Loosening of the self is a safe idea. The ideal is to have no cognisance of one’s identity. The network converts you into an IP - an anonymous VPN blurs your IP, nobody knows who you are. Behaviours found in the online community show that there are several aspects of blurring in identity and the presentation of information.

Harnessing disinhibition

Disinhibition is not necessarily rendered as a condition of the external ecosystem (physical and virtual ecosystems). It has more to do with the actor’s persona and how she has framed and declared her persona. What is the pitch of the actor’s voice? What does it say? What kind of response becomes necessary?

The opportunity for denial emerges from the confidence gained from play. If random social play does not cause huge rescissions of norms and contracts already in place, its extension to become a fundamental behavioural pattern changes nothing.

We will convince you that when we step on your toes and snap back at you in response to your idiotic and subservient social conduct, we are just playing. And if you accept it, then we can tell you the harshest and most unpleasant truth about you on your face and get away with it.
flip & blip

Surfatial designed a conversation game called flip & blip [A2] which has the objective of enhancing empathy and sociability, via role play and assuming personas. The purpose of role-play is to help people step put of themselves and play out situations through alternate lenses.

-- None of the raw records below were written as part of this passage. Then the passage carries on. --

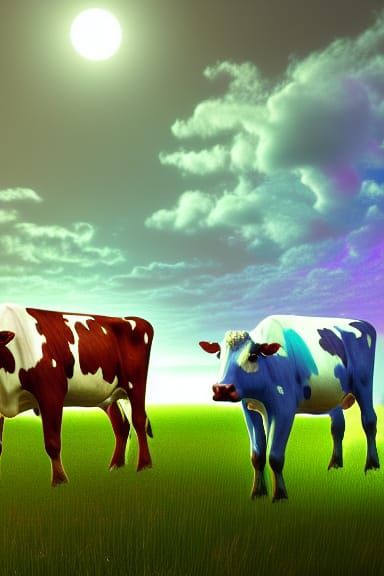 Electric Cows Grazing: A Cosmic Astral Illustration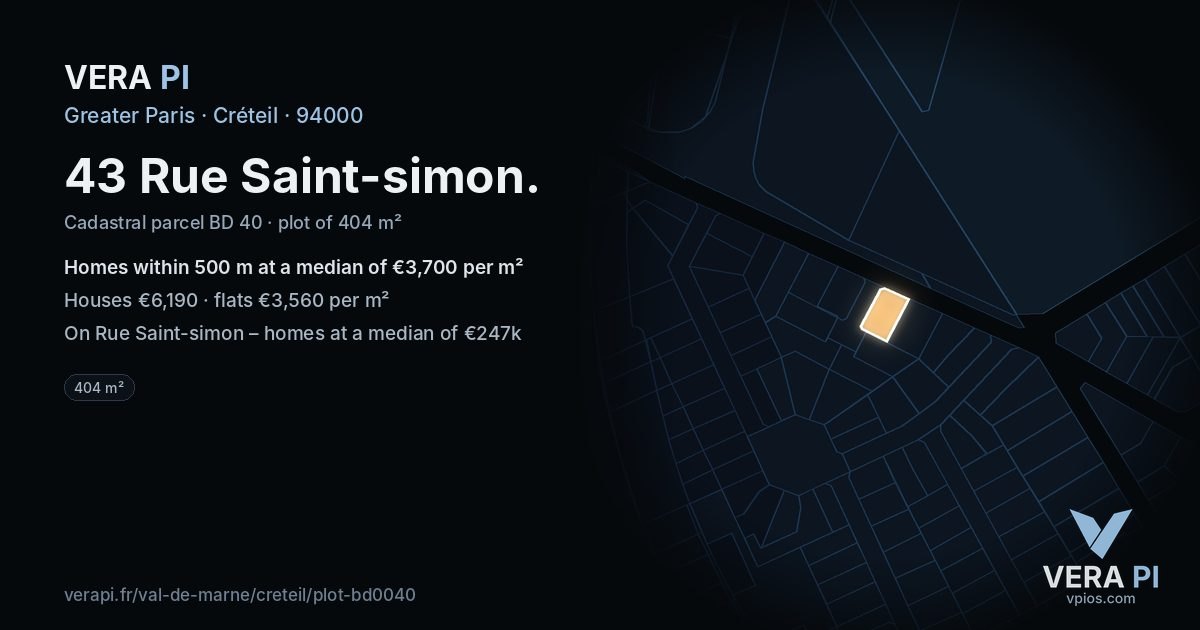 43 Rue Saint-simon, Créteil at night – the plot lit, the parcels around coloured by the prices near them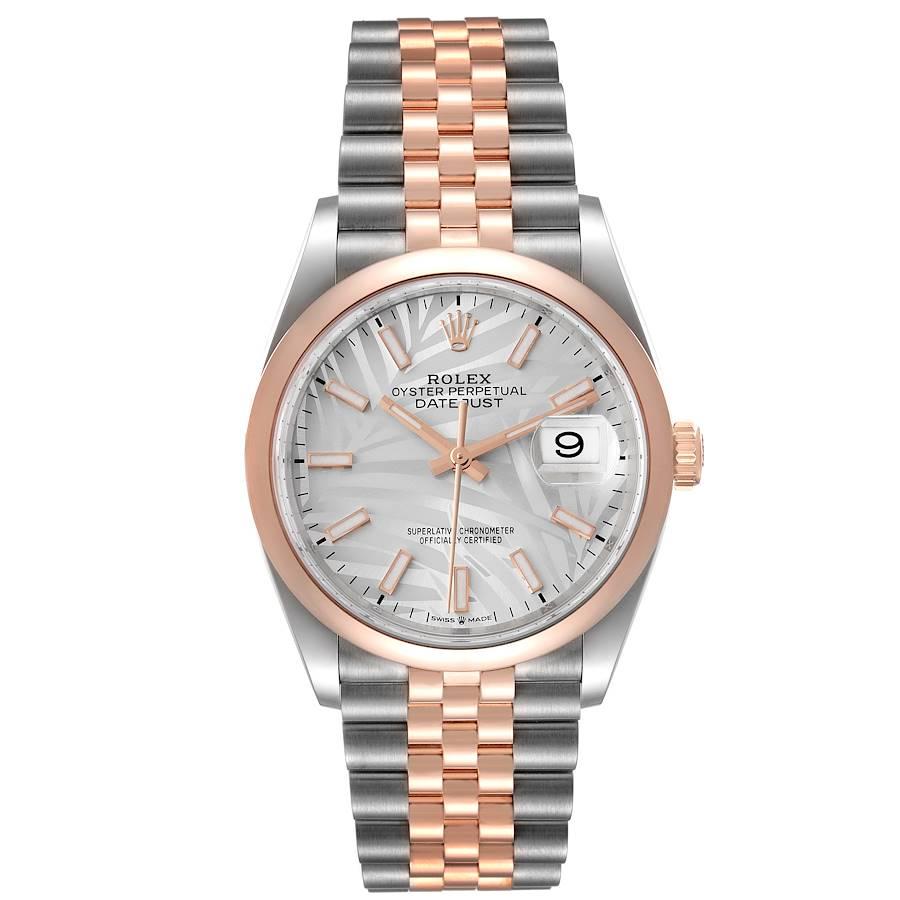 Rolex Datejust 36 Steel EveRose Gold Silver Palm Dial Mens Watch 126201 Unworn. Officially certified chronometer self-winding movement with quickset date. Stainless steel case 36 mm in diameter.  Rolex logo on a 18K rose gold crown. 18k rose gold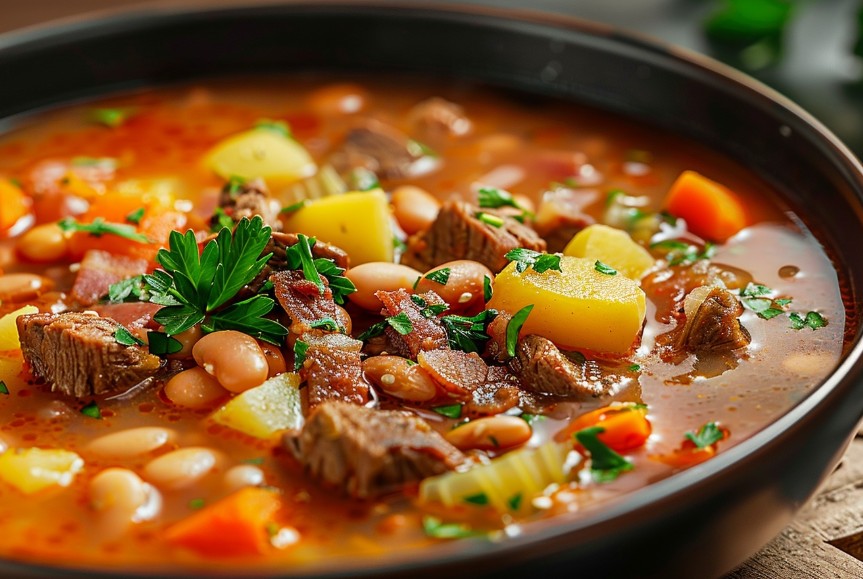 Насичений бограч з квасолею та овочами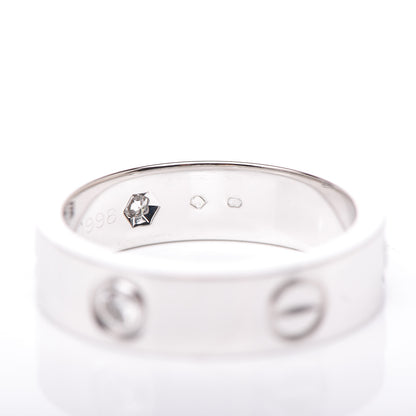 Cartier 18K White Gold 3 Diamond 5.5mm LOVE Ring 56 7.75 8 of 8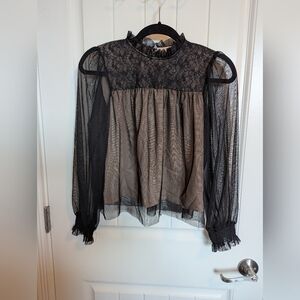 Olivers Black and Tan Ruffled Sheer Blouse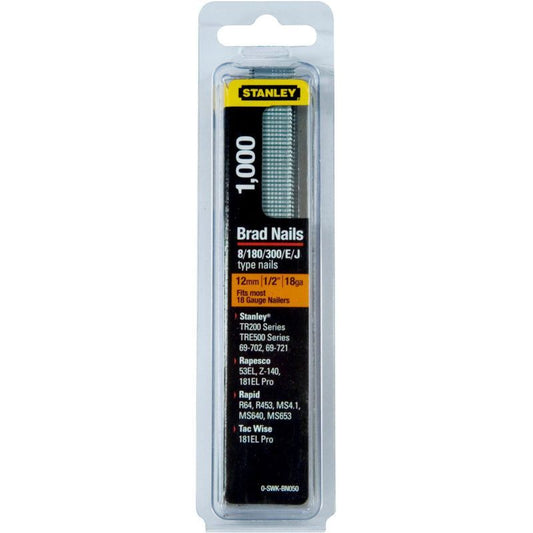 STANLEY STA0SWKBN050 PACK OF 1000 BRAD NAILS 12mm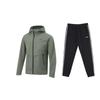 Li Ning Однотонная ветрозащитная куртка с капюшоном Удобная дышащая теплая эластичная талия Длинные брюки Повседневный спортивный костюм AFDU951-4+YKLU333-1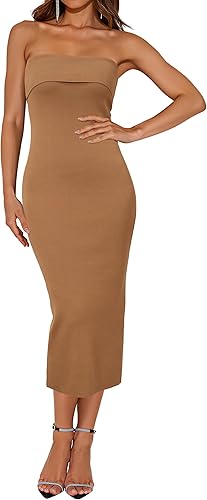 Arach&Cloz Womens Summer Silk Bodycon Midi Wedding Guest Tube Strapless Dress Go
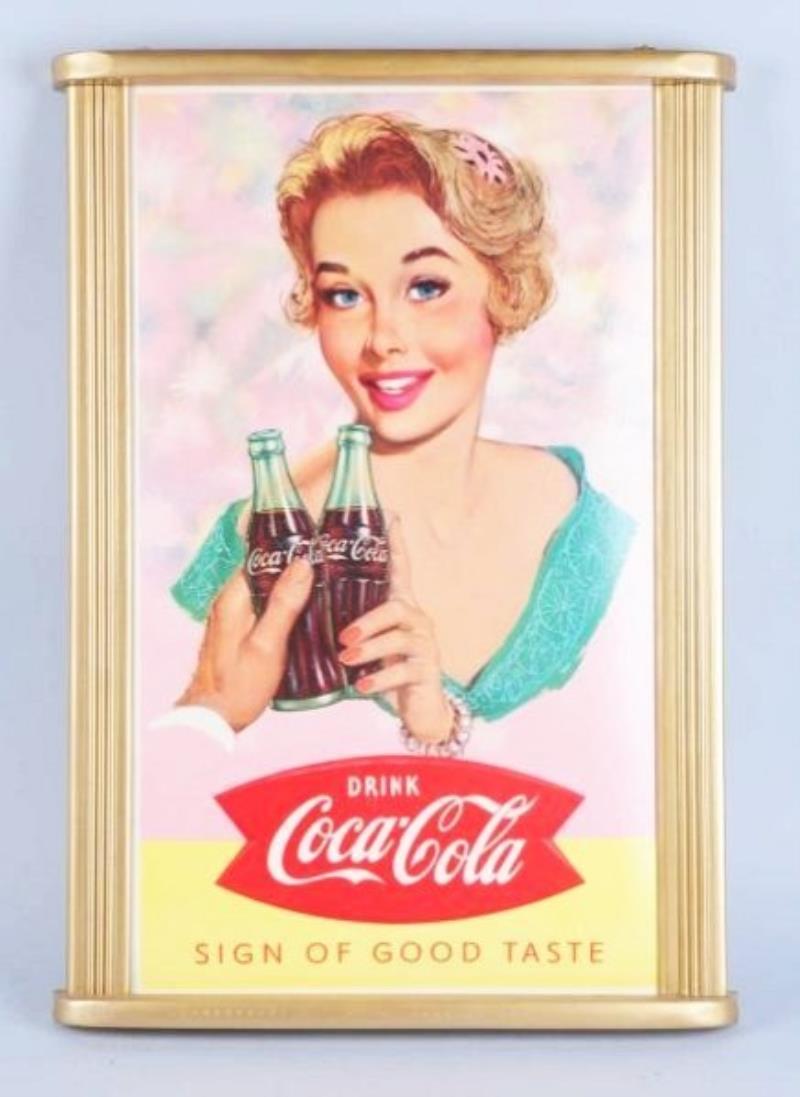 1958 Small Coca-Cola Poster in Old Frame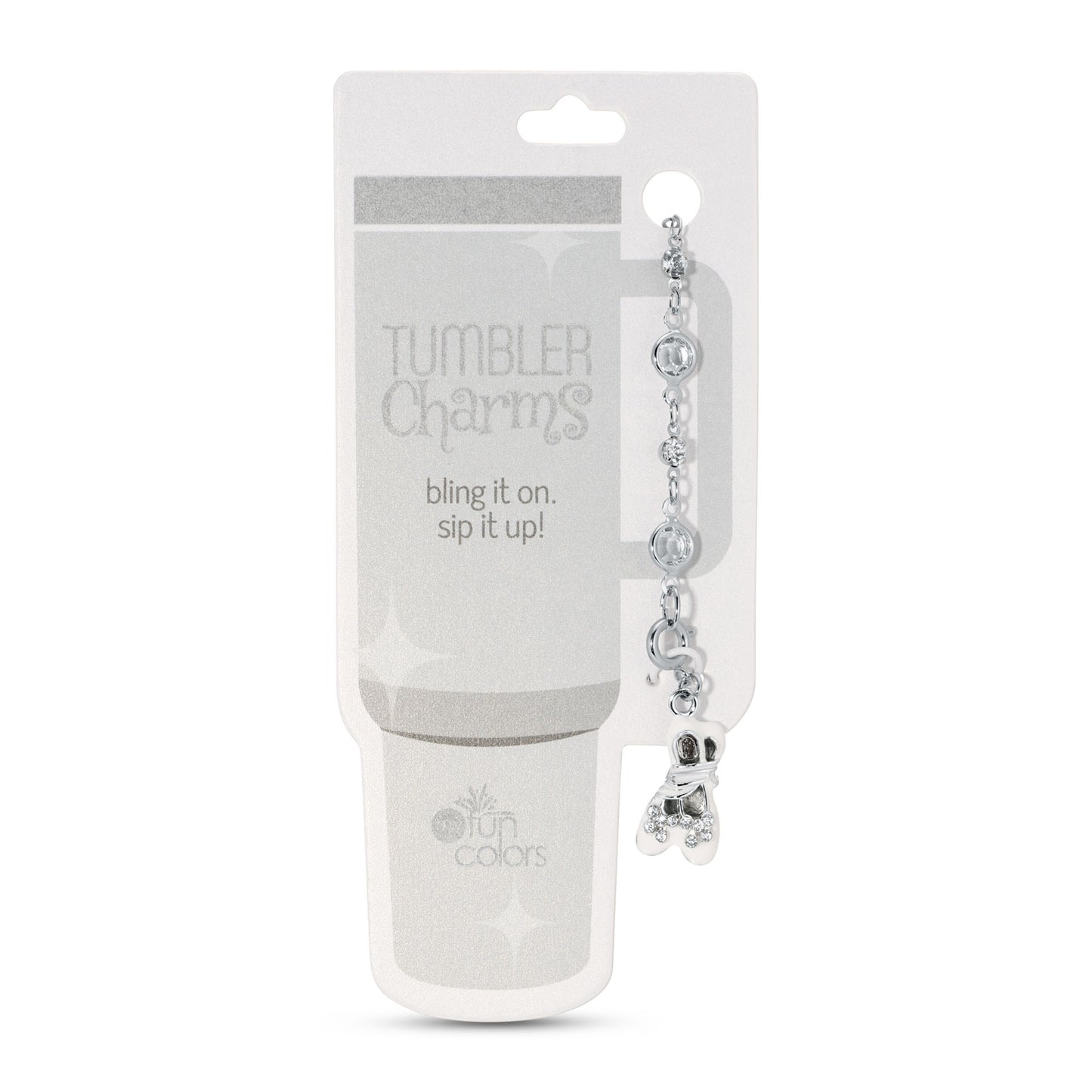 Silver Ballet Slippers Tumbler Charm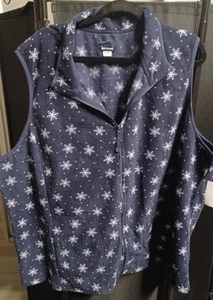 VINTAGE KMART BASIC EDITIONS FLEECE VEST SIZE 3XL BLUE WITH SNOWFLAKES - Picture 1 of 3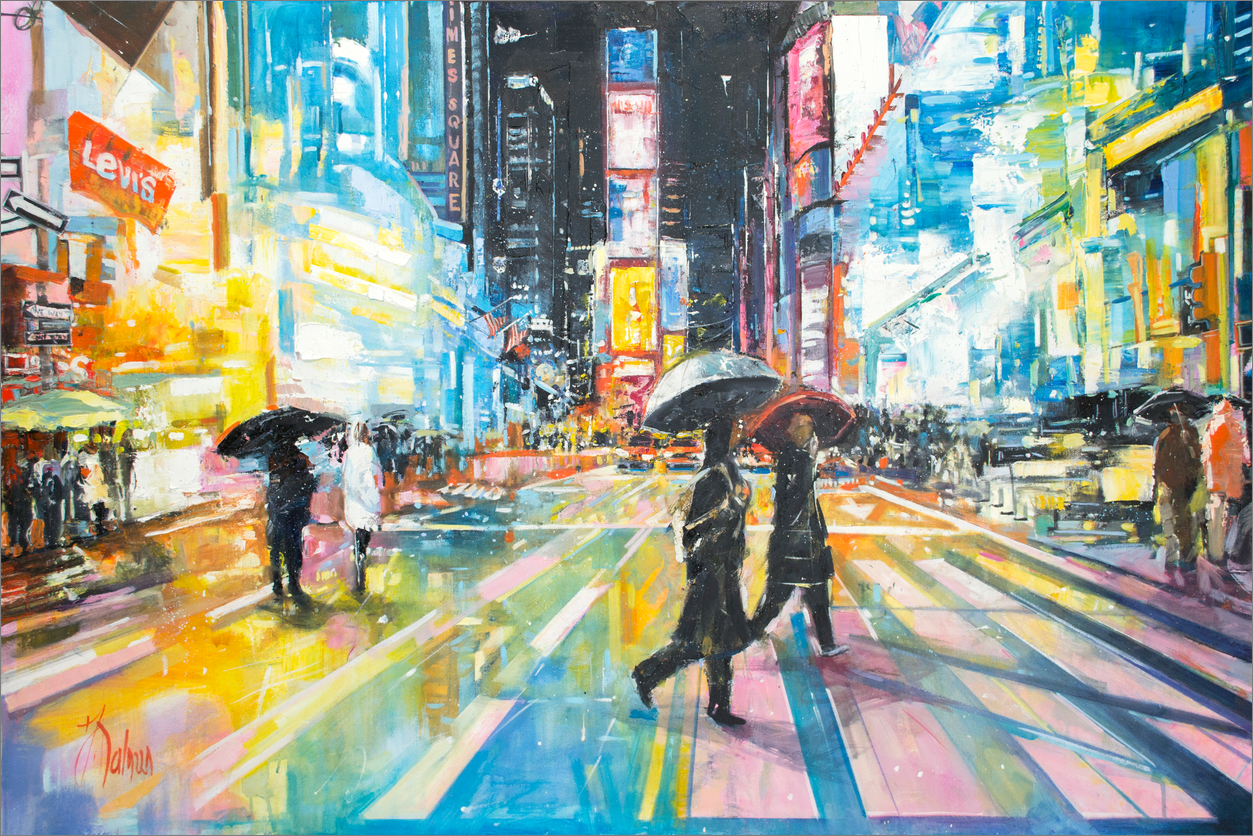 Close Up Signature Of Oil Painting "October Rain Time Square" By Judith Dalozzo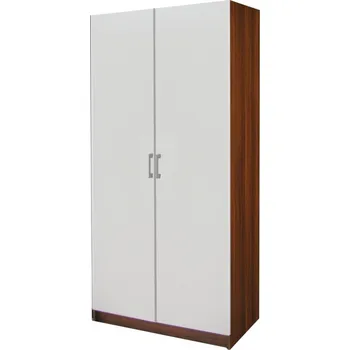 Šatní skříň Skříň BUANG 2D, ořech/bílá + vyzvednutí ZDARMA
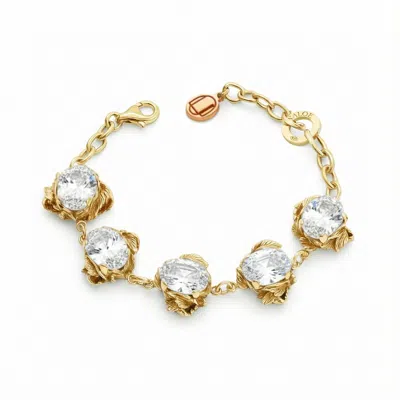 Unaloe Gold / White Coleus Ovalis Gold Vermeil Bracelet With Clear Cubic Zirconia – Timeless Women's Luxury In Multi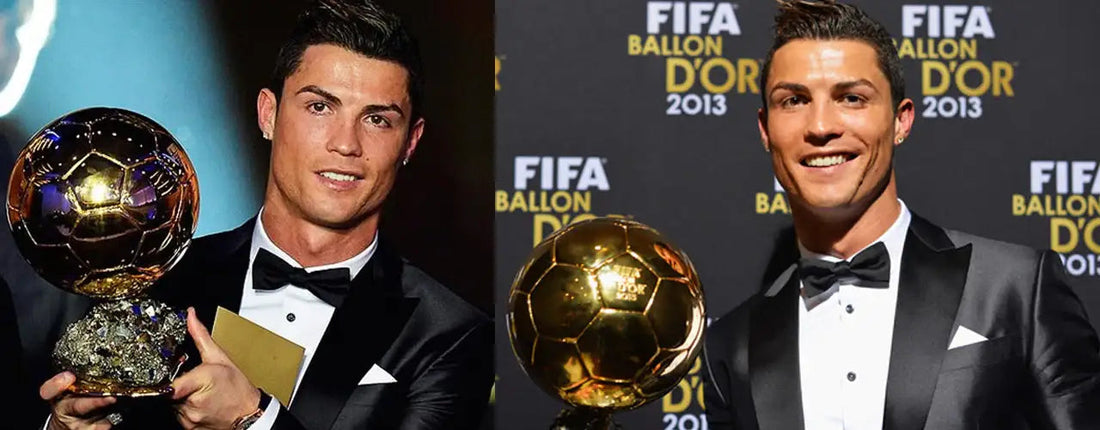 Soccer player in tuxedo holding Ballon d'Or trophy at FIFA 2013 awards event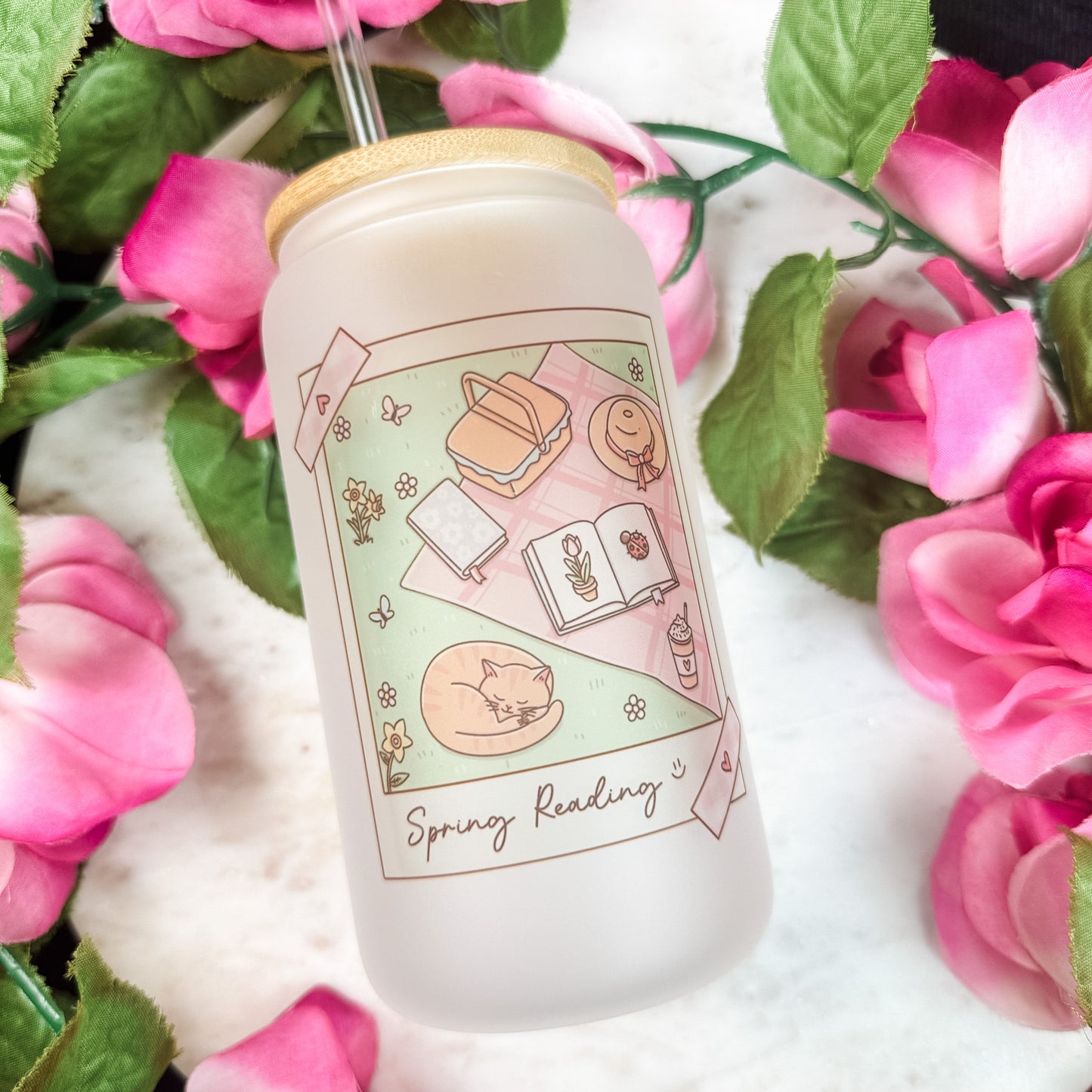 Spring Reading Picnic Frosted Glass Cup with Bamboo Lid & Straw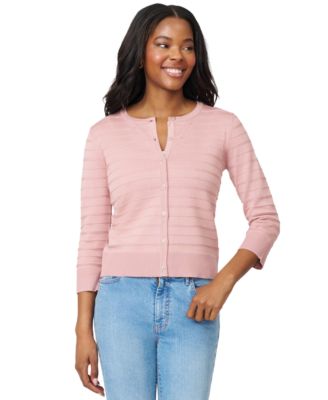 Melissa Paige - Petite Textured-Stripe Cardigan Sweater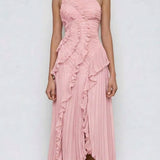 Robe Longue Asymétrique à Volants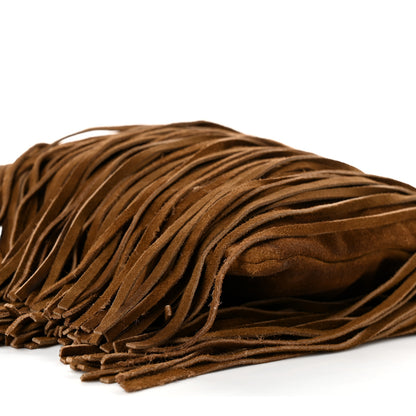 Saint Laurent Suede Calfskin Small Grace Fringed Hobo Bag Light Ocre 10 of 10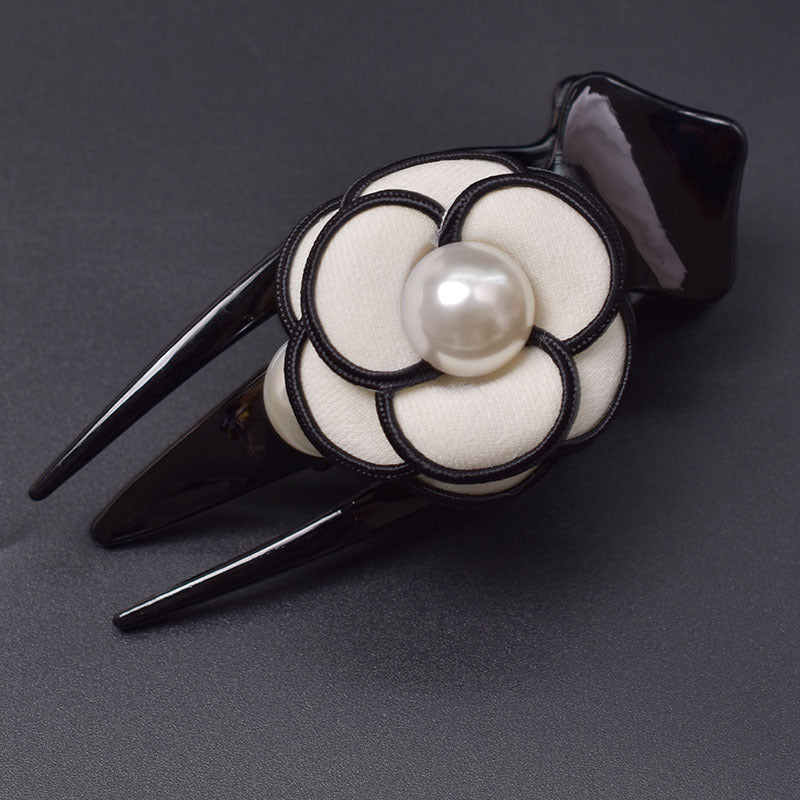 Cloth Art Adult Large Black Word Duck Bill Claw Clip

In any situation, how does another feel? [B8] We are either intuitive, or we are clueless. This game opens up the space between. It uses question cards and persona cards as triggers to present scenarios to the players. The goal was to have a conversation while wearing a persona, and then to have the same conversation while being oneself. The players then reflected on the occurrence of any shifts in perspective during this process [B9].

A game is a format for play that has rules [B10]. Even while these rules are very important, sometimes it becomes possible to play with them. The extent to which we enjoy the game depends on our interpretation of these rules. Now, socially acceptable rules of conduct are considered to be good behaviour. And if our physical social lives are viewed as some kind of a game with rulesets and interpersonal protocols of engagement (a game with heavy consequences for not playing by the rules), perhaps our online lives offer that outlet for exercising freedom from this oppressive structure, and perhaps the freeing online experience can translate into incorporating playfulness into strict routine interactions?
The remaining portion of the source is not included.